During the morning, whilst attending to the ferry at the river crossing, his responsibility, Chard had become aware of Zulu activity. But, “I then went down to my tent by the river, had some lunch comfortably, and was writing a letter home when my attention was called to two horsemen galloping towards us from the direction of Isandhlwana. From their gesticulation and their shouts, when they were near enough to be heard, we saw that something was the matter and on taking them over the river, one of them, Lieutenant Adendorff of Lonsdale's Regiment, Natal Native Contingent, asking if I was an officer, jumped off his horse, took me on one side, and told me that the camp was in the hands of the Zulus and the army destroyed; that scarcely a man had got away to tell the tale, and that probably Lord Chelmsford and the rest of the column had shared the same fate”. Chard galloped back to the Rorke’s Drift camp to learn “that the enemy were advancing in force against our post”. Preparations to defend it were already well in hand. Chard presciently “saw that our line of defence was too extended, and at once commenced a retrenchment of biscuit boxes, so as to get a place we could fall back upon if we could not hold the whole”. This was indeed the situation scarcely two hours later.
The Zulu reserve, having missed out on the great victory, did not want to go home without “washing their spears”, and had crossed into Natal. King Cetshwayo had given express orders that the Zulus should only fight within their borders, defending against invasion rather than making war on the British Empire (a nicety which the Great Game players of the Cape High Comisssion would have paid no attention to). But the prospect of battle honours and easy spoils from the small supply base at the Mission and other softer targets was irresistible to his half brother, Dabulamanzi, the commander of the four reserve regiments, about 4,000 men in total. Three regiments forded the Buffalo River a couple of miles downstream as the crow flies from Rorke’s Drift.The fourth, the iNdluyengwe, after following the right horn round Isandlwana, had joined the one-sided running battle with the survivors that ended at the crossing at Fugitive’s Drift.
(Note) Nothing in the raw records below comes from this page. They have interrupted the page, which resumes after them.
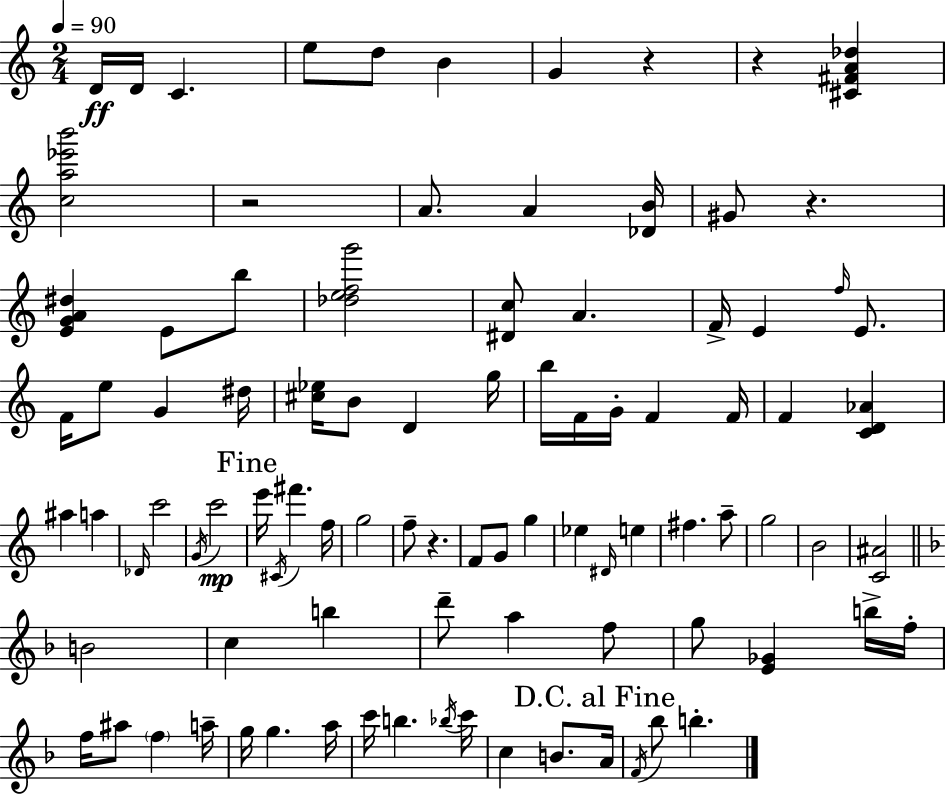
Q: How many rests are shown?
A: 5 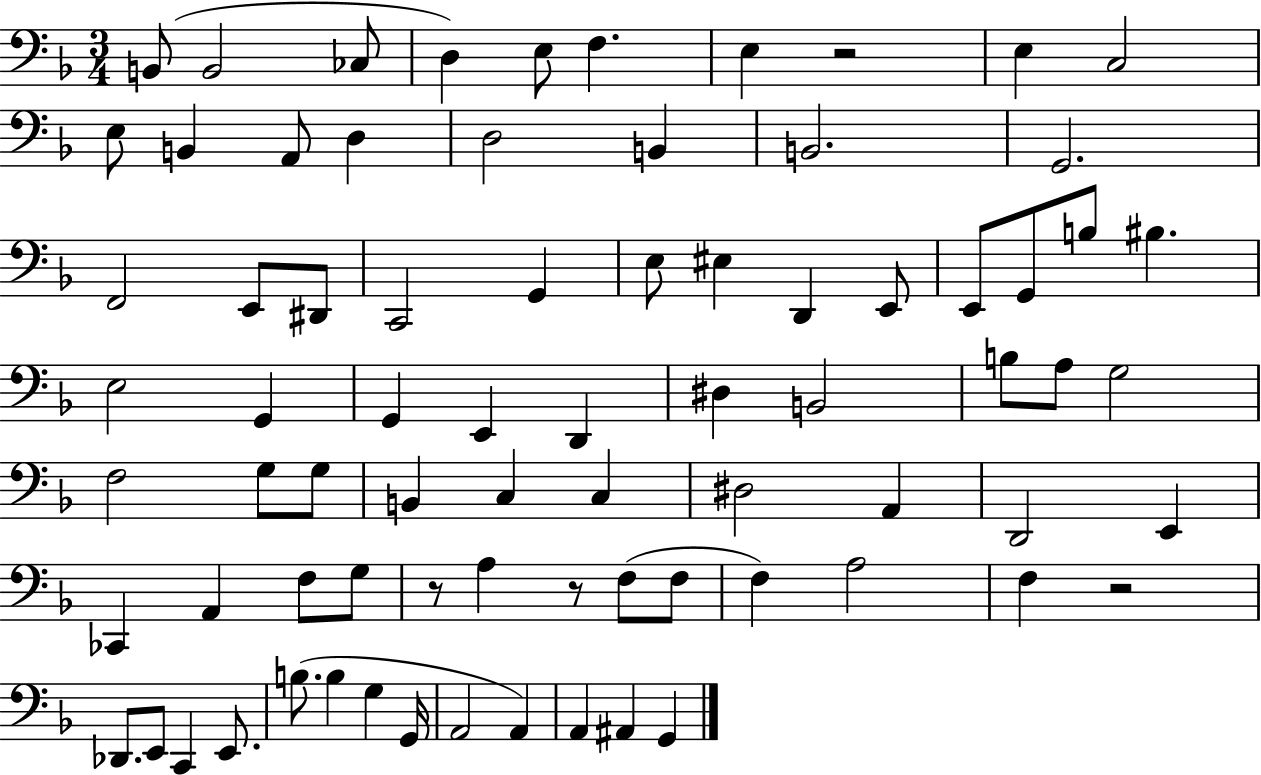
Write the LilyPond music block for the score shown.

{
  \clef bass
  \numericTimeSignature
  \time 3/4
  \key f \major
  b,8( b,2 ces8 | d4) e8 f4. | e4 r2 | e4 c2 | \break e8 b,4 a,8 d4 | d2 b,4 | b,2. | g,2. | \break f,2 e,8 dis,8 | c,2 g,4 | e8 eis4 d,4 e,8 | e,8 g,8 b8 bis4. | \break e2 g,4 | g,4 e,4 d,4 | dis4 b,2 | b8 a8 g2 | \break f2 g8 g8 | b,4 c4 c4 | dis2 a,4 | d,2 e,4 | \break ces,4 a,4 f8 g8 | r8 a4 r8 f8( f8 | f4) a2 | f4 r2 | \break des,8. e,8 c,4 e,8. | b8.( b4 g4 g,16 | a,2 a,4) | a,4 ais,4 g,4 | \break \bar "|."
} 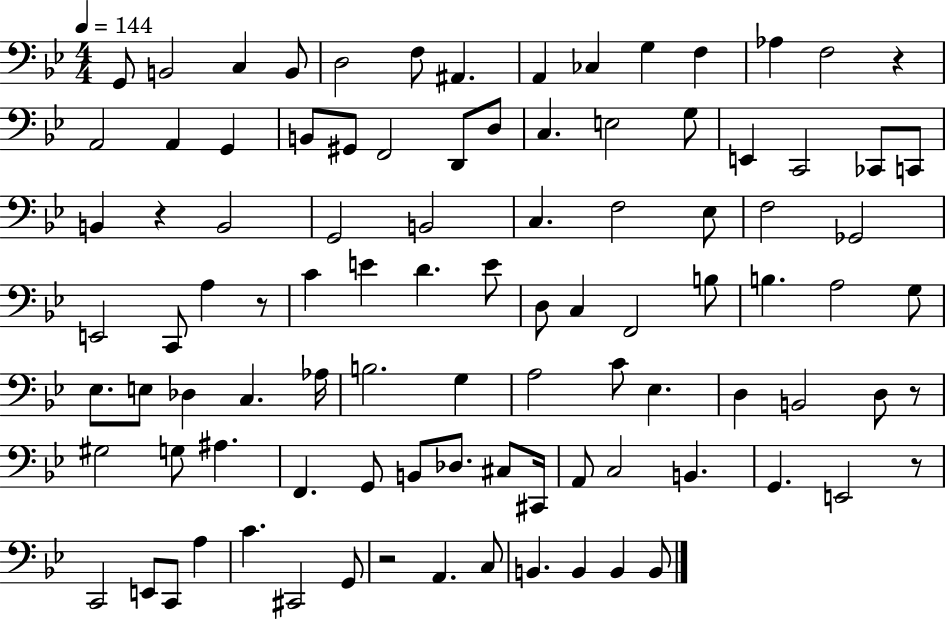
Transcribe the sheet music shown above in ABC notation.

X:1
T:Untitled
M:4/4
L:1/4
K:Bb
G,,/2 B,,2 C, B,,/2 D,2 F,/2 ^A,, A,, _C, G, F, _A, F,2 z A,,2 A,, G,, B,,/2 ^G,,/2 F,,2 D,,/2 D,/2 C, E,2 G,/2 E,, C,,2 _C,,/2 C,,/2 B,, z B,,2 G,,2 B,,2 C, F,2 _E,/2 F,2 _G,,2 E,,2 C,,/2 A, z/2 C E D E/2 D,/2 C, F,,2 B,/2 B, A,2 G,/2 _E,/2 E,/2 _D, C, _A,/4 B,2 G, A,2 C/2 _E, D, B,,2 D,/2 z/2 ^G,2 G,/2 ^A, F,, G,,/2 B,,/2 _D,/2 ^C,/2 ^C,,/4 A,,/2 C,2 B,, G,, E,,2 z/2 C,,2 E,,/2 C,,/2 A, C ^C,,2 G,,/2 z2 A,, C,/2 B,, B,, B,, B,,/2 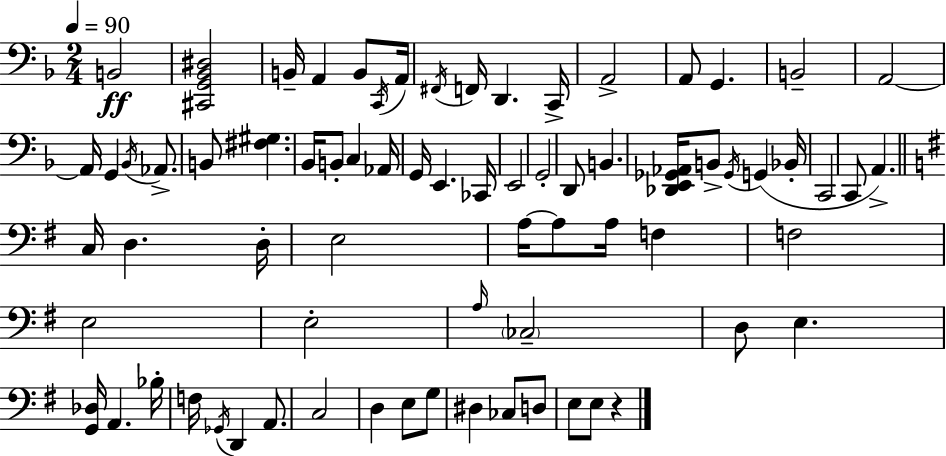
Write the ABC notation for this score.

X:1
T:Untitled
M:2/4
L:1/4
K:F
B,,2 [^C,,G,,_B,,^D,]2 B,,/4 A,, B,,/2 C,,/4 A,,/4 ^F,,/4 F,,/4 D,, C,,/4 A,,2 A,,/2 G,, B,,2 A,,2 A,,/4 G,, _B,,/4 _A,,/2 B,,/2 [^F,^G,] _B,,/4 B,,/2 C, _A,,/4 G,,/4 E,, _C,,/4 E,,2 G,,2 D,,/2 B,, [_D,,E,,_G,,_A,,]/4 B,,/2 _G,,/4 G,, _B,,/4 C,,2 C,,/2 A,, C,/4 D, D,/4 E,2 A,/4 A,/2 A,/4 F, F,2 E,2 E,2 A,/4 _C,2 D,/2 E, [G,,_D,]/4 A,, _B,/4 F,/4 _G,,/4 D,, A,,/2 C,2 D, E,/2 G,/2 ^D, _C,/2 D,/2 E,/2 E,/2 z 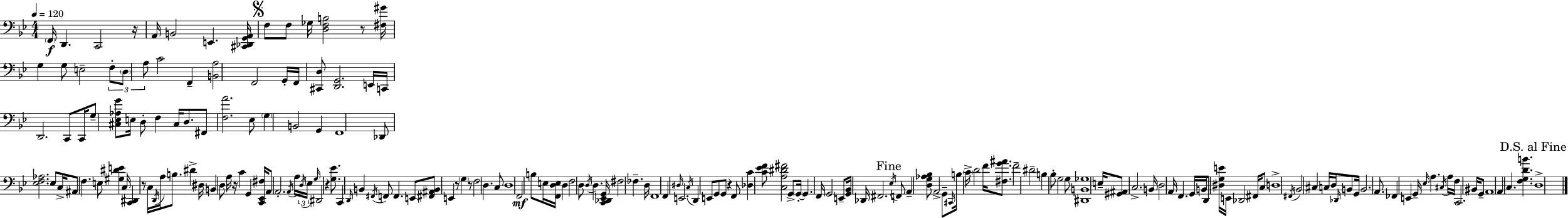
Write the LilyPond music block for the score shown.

{
  \clef bass
  \numericTimeSignature
  \time 4/4
  \key bes \major
  \tempo 4 = 120
  \repeat volta 2 { \parenthesize f,16\f d,4. c,2 r16 | a,16 b,2 e,4. <cis, des, g, a,>16 | \mark \markup { \musicglyph "scripts.segno" } f8 f8 ges16 <d f b>2 r8 <fis gis'>16 | g4 g8 e2-- \tuplet 3/2 { f8-. | \break \parenthesize d8 a8 } c'2 f,4-- | <b, a>2 f,2 | g,16-. f,16 <cis, d>8 <d, g,>2. | e,16 c,16 d,2. c,8 | \break c,16 g8-- <cis ees aes g'>8 e16 d8-. f4 cis16 d8. | fis,8 <f a'>2. ees8 | \parenthesize g4 b,2 g,4 | f,1 | \break des,8 <ees f aes>2. ees8 | c16-> ais,8 f4. e8 <gis dis' e'>4 c16 | <c, dis,>4 r8 c16 \acciaccatura { d,16 } a16 b8. dis'4-> | dis16 b,4 d8 a16 r16 c'4 g,4 | \break <c, ees, fis>16 a,8 a,2.-. | \acciaccatura { a,16 } a16 \tuplet 3/2 { \acciaccatura { d16 } ees16 \grace { g16 } } dis,2 r4 | <g ees'>8. c,4 \grace { d,16 } b,4 \acciaccatura { fis,16 } f,8 | f,4. e,8 <fis, ais, b,>8 e,4 r8 | \break \parenthesize g4 r8 f2 d4. | c8 d1 | f,2\mf b8 | e16 <f, d e>16 d4 f2 d8 | \break \acciaccatura { d16 } d4. <c, des, ees, g,>16 fis2 | fes4.-- d16 f,1 | f,4 \grace { dis16 } e,2. | \acciaccatura { c16 } d,4 e,8 g,8 | \break g,8 r4 f,8 <des c'>4 <c' ees' f'>8 <c a dis' fis'>2 | g,8-> \parenthesize g,16-.~~ g,4. | f,16 g,2 e,8-- <g, bes,>16 des,16 fis,2. | \mark "Fine" \acciaccatura { ees16 } f,8 a,4-- | \break <d g aes bes>8 a,2-> g,8-- \grace { cis,16 } b16 \parenthesize c'16-> d'2 | f'16 <fis g' ais'>8. f'2-- | dis'2-- b4 bes8-. | g2 g8 <dis, b, ges>1 | \break e16-- <gis, ais,>8 c2.-> | b,16 d2 | a,16 f,4. g,16 b,16 d,8 <dis g e'>16 e,16 | des,2 fis,16 c8 d1-> | \break \acciaccatura { fis,16 } bes,2 | cis4 c16 d16 \grace { des,16 } b,8 g,16 b,2. | a,8. fes,4 | e,4 g,16-- \grace { ees16 } a4. \acciaccatura { cis16 } a16 f16 | \break c,2. bis,16 g,8-- \parenthesize a,1 | a,4 | c4. <f g d' b'>4. \mark "D.S. al Fine" d1-> | } \bar "|."
} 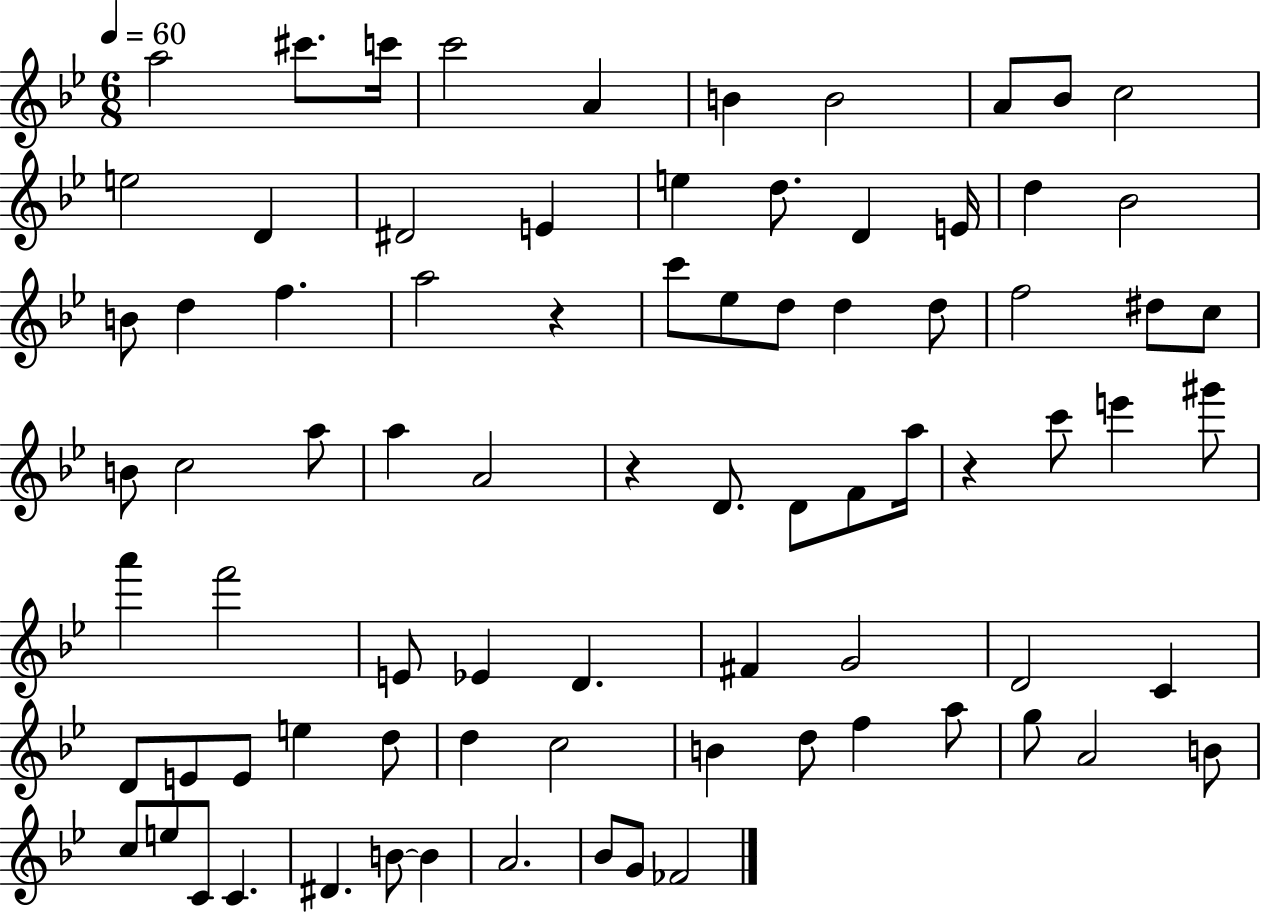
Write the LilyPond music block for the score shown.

{
  \clef treble
  \numericTimeSignature
  \time 6/8
  \key bes \major
  \tempo 4 = 60
  \repeat volta 2 { a''2 cis'''8. c'''16 | c'''2 a'4 | b'4 b'2 | a'8 bes'8 c''2 | \break e''2 d'4 | dis'2 e'4 | e''4 d''8. d'4 e'16 | d''4 bes'2 | \break b'8 d''4 f''4. | a''2 r4 | c'''8 ees''8 d''8 d''4 d''8 | f''2 dis''8 c''8 | \break b'8 c''2 a''8 | a''4 a'2 | r4 d'8. d'8 f'8 a''16 | r4 c'''8 e'''4 gis'''8 | \break a'''4 f'''2 | e'8 ees'4 d'4. | fis'4 g'2 | d'2 c'4 | \break d'8 e'8 e'8 e''4 d''8 | d''4 c''2 | b'4 d''8 f''4 a''8 | g''8 a'2 b'8 | \break c''8 e''8 c'8 c'4. | dis'4. b'8~~ b'4 | a'2. | bes'8 g'8 fes'2 | \break } \bar "|."
} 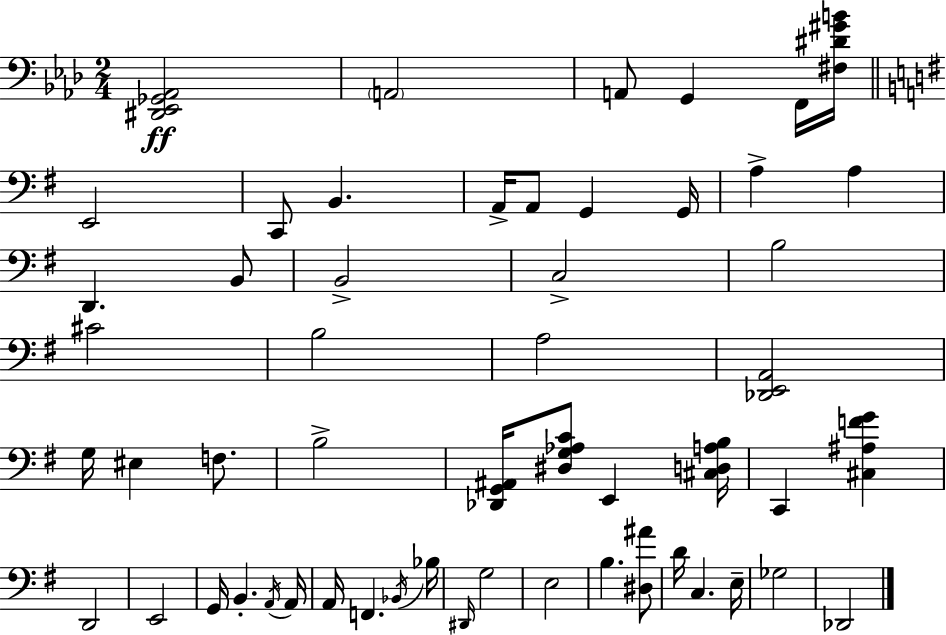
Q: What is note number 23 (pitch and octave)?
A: EIS3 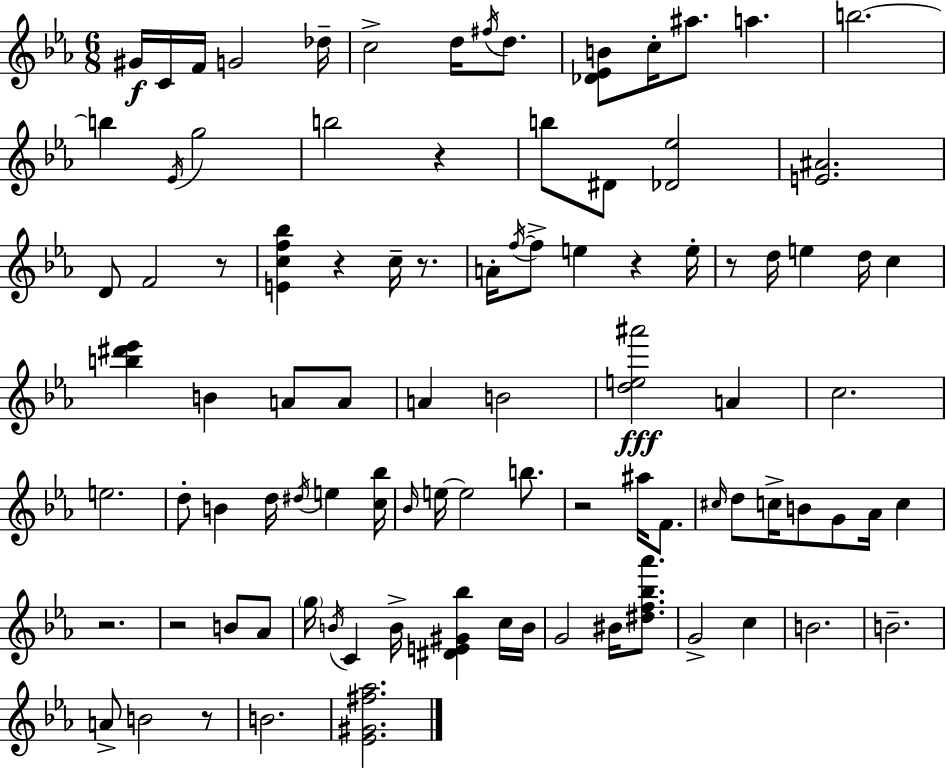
X:1
T:Untitled
M:6/8
L:1/4
K:Cm
^G/4 C/4 F/4 G2 _d/4 c2 d/4 ^f/4 d/2 [_D_EB]/2 c/4 ^a/2 a b2 b _E/4 g2 b2 z b/2 ^D/2 [_D_e]2 [E^A]2 D/2 F2 z/2 [Ecf_b] z c/4 z/2 A/4 f/4 f/2 e z e/4 z/2 d/4 e d/4 c [b^d'_e'] B A/2 A/2 A B2 [de^a']2 A c2 e2 d/2 B d/4 ^d/4 e [c_b]/4 _B/4 e/4 e2 b/2 z2 ^a/4 F/2 ^c/4 d/2 c/4 B/2 G/2 _A/4 c z2 z2 B/2 _A/2 g/4 B/4 C B/4 [^DE^G_b] c/4 B/4 G2 ^B/4 [^df_b_a']/2 G2 c B2 B2 A/2 B2 z/2 B2 [_E^G^f_a]2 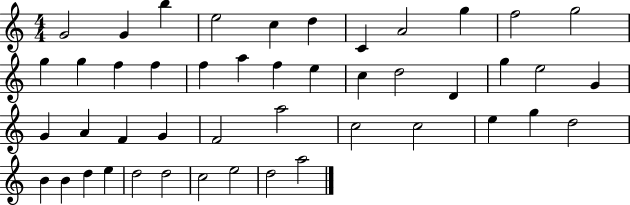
{
  \clef treble
  \numericTimeSignature
  \time 4/4
  \key c \major
  g'2 g'4 b''4 | e''2 c''4 d''4 | c'4 a'2 g''4 | f''2 g''2 | \break g''4 g''4 f''4 f''4 | f''4 a''4 f''4 e''4 | c''4 d''2 d'4 | g''4 e''2 g'4 | \break g'4 a'4 f'4 g'4 | f'2 a''2 | c''2 c''2 | e''4 g''4 d''2 | \break b'4 b'4 d''4 e''4 | d''2 d''2 | c''2 e''2 | d''2 a''2 | \break \bar "|."
}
This regiment jumped over the river into Natal at a point where it narrows into a deep channel through the rock.
Zulu Crossing Point

Fugitive's Drift from the Natal Side

There would have been far fewer trees and shrubs in 1879 but the terrain over which the remnants of the imperial force were funnelled from Isandlwana down to Fugitives’ Drift, is otherwise unchanged. The first Zulus to arrive at Rorke’s Drift Mission came round Shiyane hill to the south of the British position at 4.30pm. They found the storehouse and the Mission house, now requisitioned as a hospital, linked by barricades of mealie (maize) bags to create a perimeter of less than 300 yards. This was to be reduced to less than 100 yards, well before the Zulu attack finally wore out. Chard drew a meticulous plan of his defences a few months later.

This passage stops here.